Indexes fail and must be recreated

Hi we are running Couchbase Community Edition 5.1.1 and are seeing issues with the Indexes failing and needing to be rebuilt.

In a number of cases over a number of different machines our application will fails in a variety ways because queries that are expected to work return no data.

If we drop all of the indexes and recreate them then the problem is fixed. But we really want to know why this is happening and to prevent it from happening to start with.

Are there any known issues that might be contributing to this problem?

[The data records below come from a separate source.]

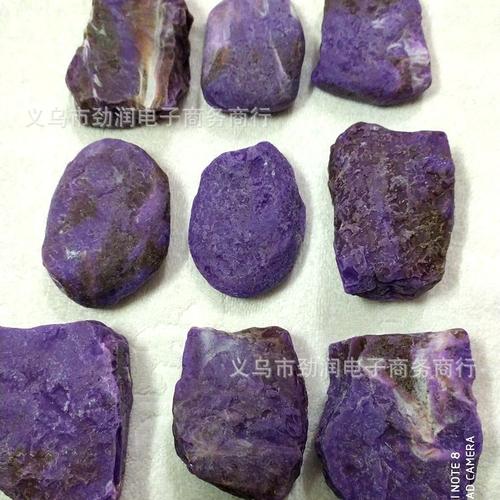 舒俱来二代原石厂家批发2020地摊新产品舒俱来碎石压制合成吊坠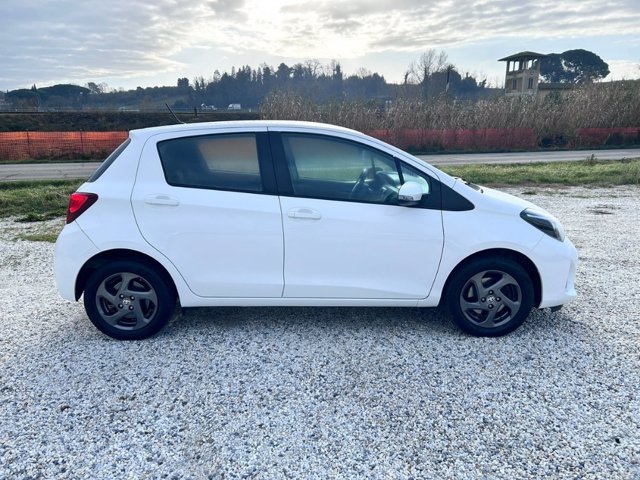 TOYOTA Yaris 5p 1.5h active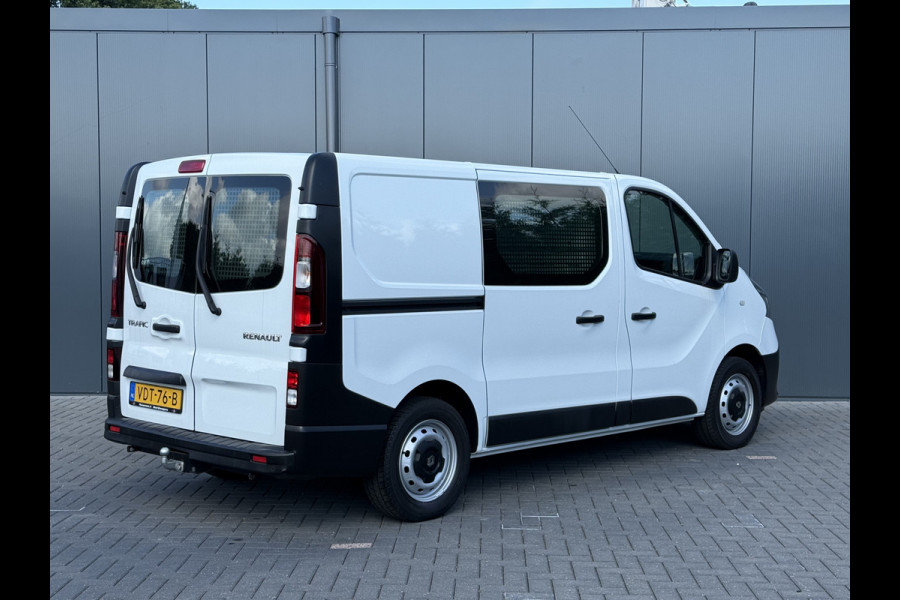 Renault Trafic 2.0 dCi 120 PK / L1H1 / 20.550 KM !!! / 2x SCHUIFDEUR / TREKHAAK / AIRCO / CRUISE / NAVI / LED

We have had another occurrence of this problem and I’ve been able to find some potentially relevant errors in the Couchbase log files. The key snippet of error log seems to be;

Service ‘indexer’ exited with status 2. Restarting. Messages:
'Error status code: -1, Error in REMOVE on a database file ‘c:\Program Files\Couchbase\Server\var\lib\couchbase\data@2i\kakapo-bird_idx_record_chips_birdID_5621171458353600489_0.index\data.fdb.0’, errno = 32: 'The process cannot access the file because it is being used by another process.

Is this a “normal” error message or does it indicate the problem we are having with indexes failing?

Google found this issue in the bug database: https://issues.couchbase.com/browse/MB-17215

That seems to indicate that this sort of an error is a major, but the bug report says that it was fixed in 4.5, and we’re using 5.1.1.

Hi @richard.perfect, It would help us to investigate these failures if you can provide the following information-

  1. OS Version
  2. How many nodes in the cluster do you have, and what is the layout of services
  3. What kind of operations were going on when you hit this issue? Were the indexes being deleted ?
  4. How many documents are there in the bucket on which the above index is built?
  5. Can you upload logs ?
  1. The OS is multiple various flavours of Windows, Win 10, Server 2016, and also Windows 7. Each of these different types of machine have had examples of the problem.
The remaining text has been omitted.